**Problem description**
Would you please copy all of the data exactly, skipping the images?

Dataset entries

*** Begin section ***

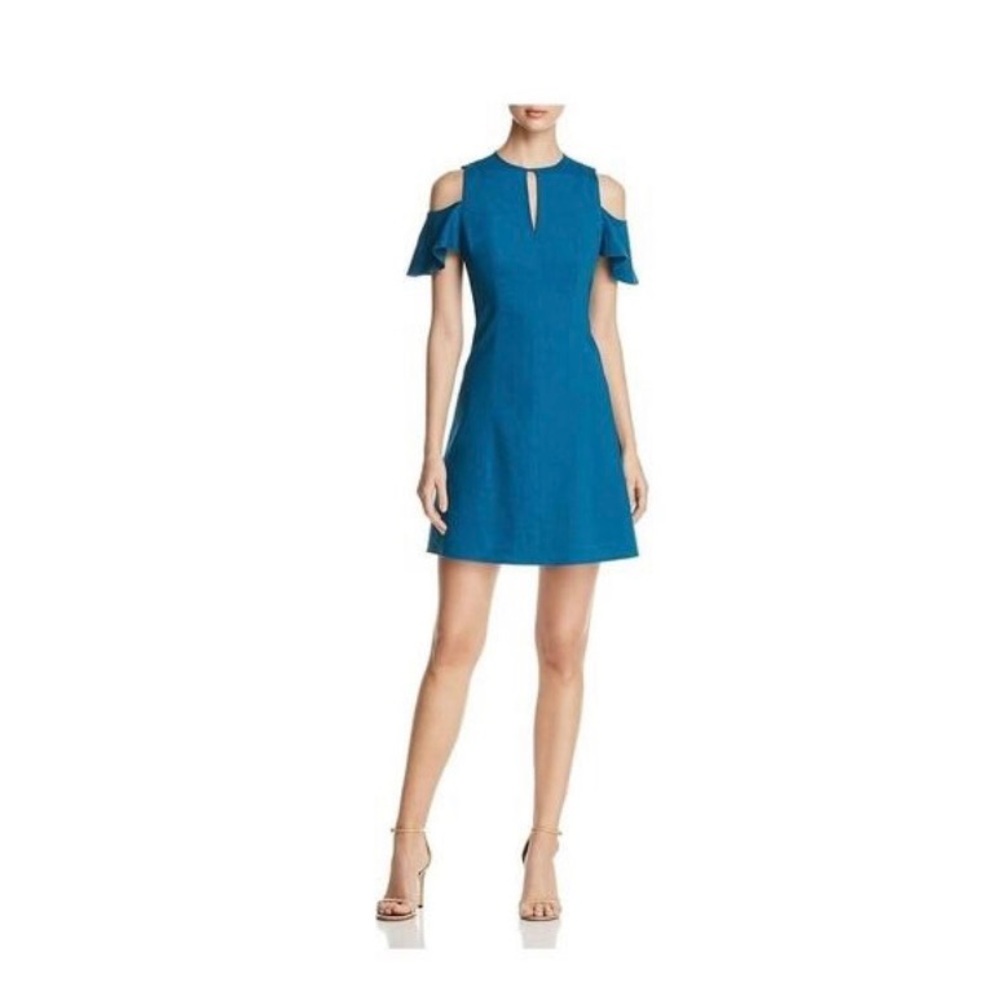 Elie Tahari
Raylan Party Cocktail Dress
Size: US 8 (M) Length: Mid-Length
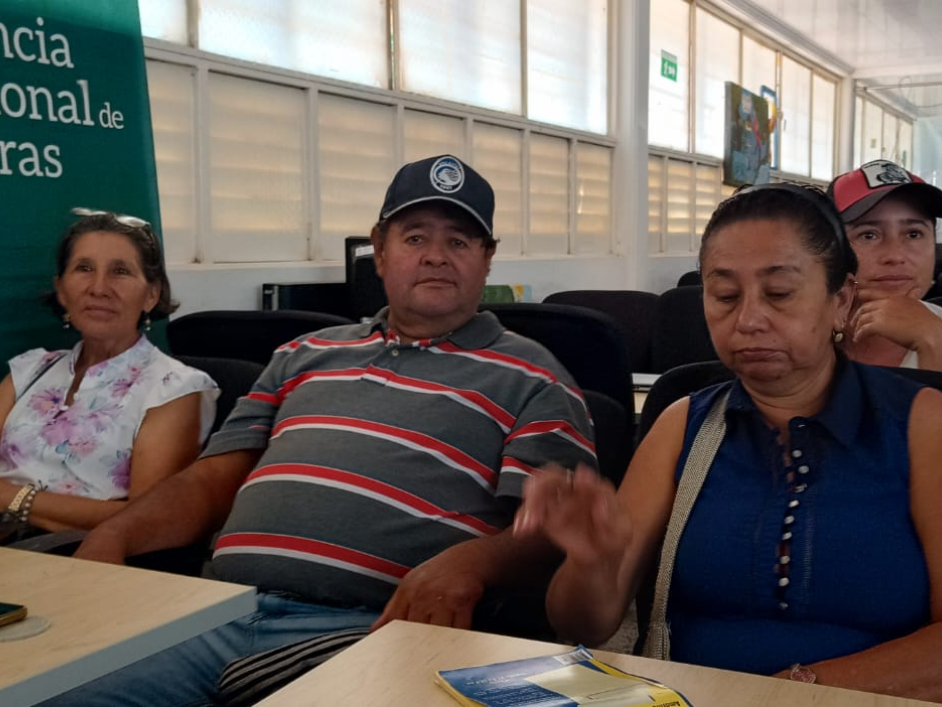 ciudadanos-en-instalaciones-an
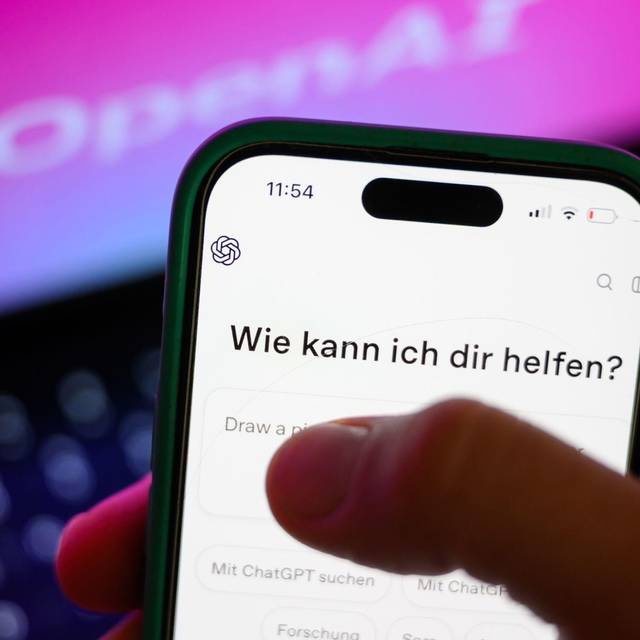 Ein Smartphone mit dem KI-Chatbot ChatGPT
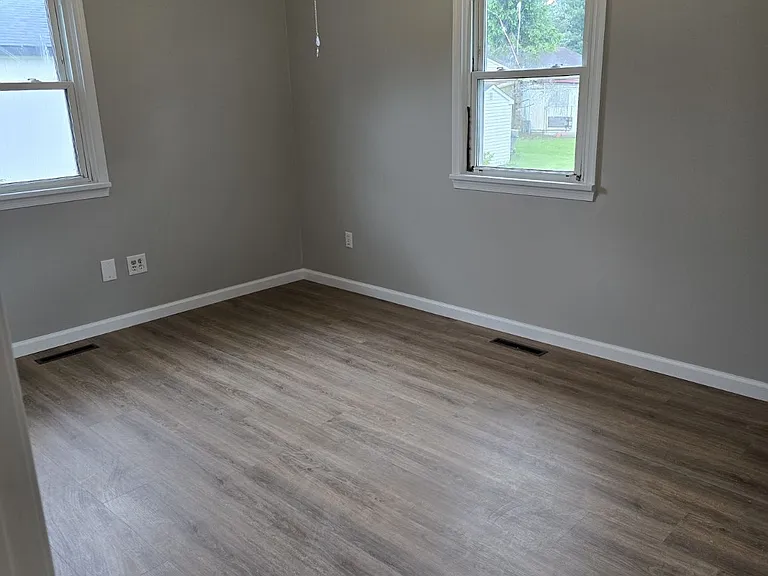 407 Maryland Ave — Photo 8
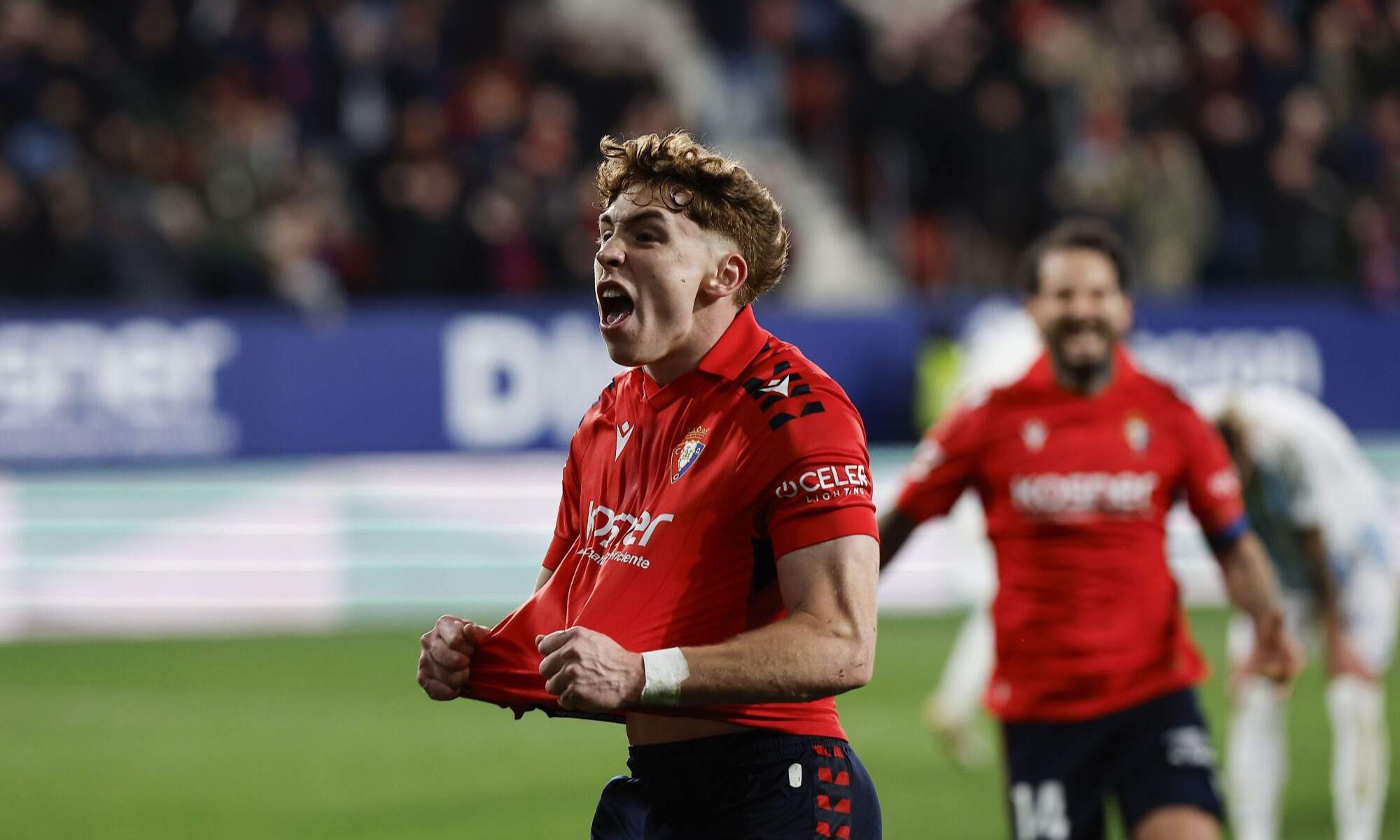 Víctor Muñoz celebrando un gol con Osasuna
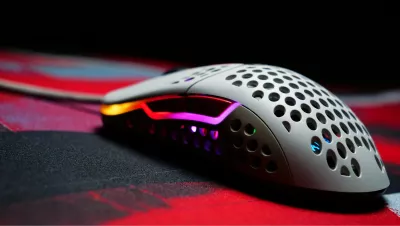 Maus Cherry XTRFY M42, Optik, USB Type-A, 16000 DPI, Multikolor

*** End section ***

**Response for this exercise**
 Elie Tahari
Raylan Party Cocktail Dress
Size: US 8 (M) Length: Mid-Length
 ciudadanos-en-instalaciones-an
 Ein Smartphone mit dem KI-Chatbot ChatGPT
 407 Maryland Ave — Photo 8
 Víctor Muñoz celebrando un gol con Osasuna
 Maus Cherry XTRFY M42, Optik, USB Type-A, 16000 DPI, Multikolor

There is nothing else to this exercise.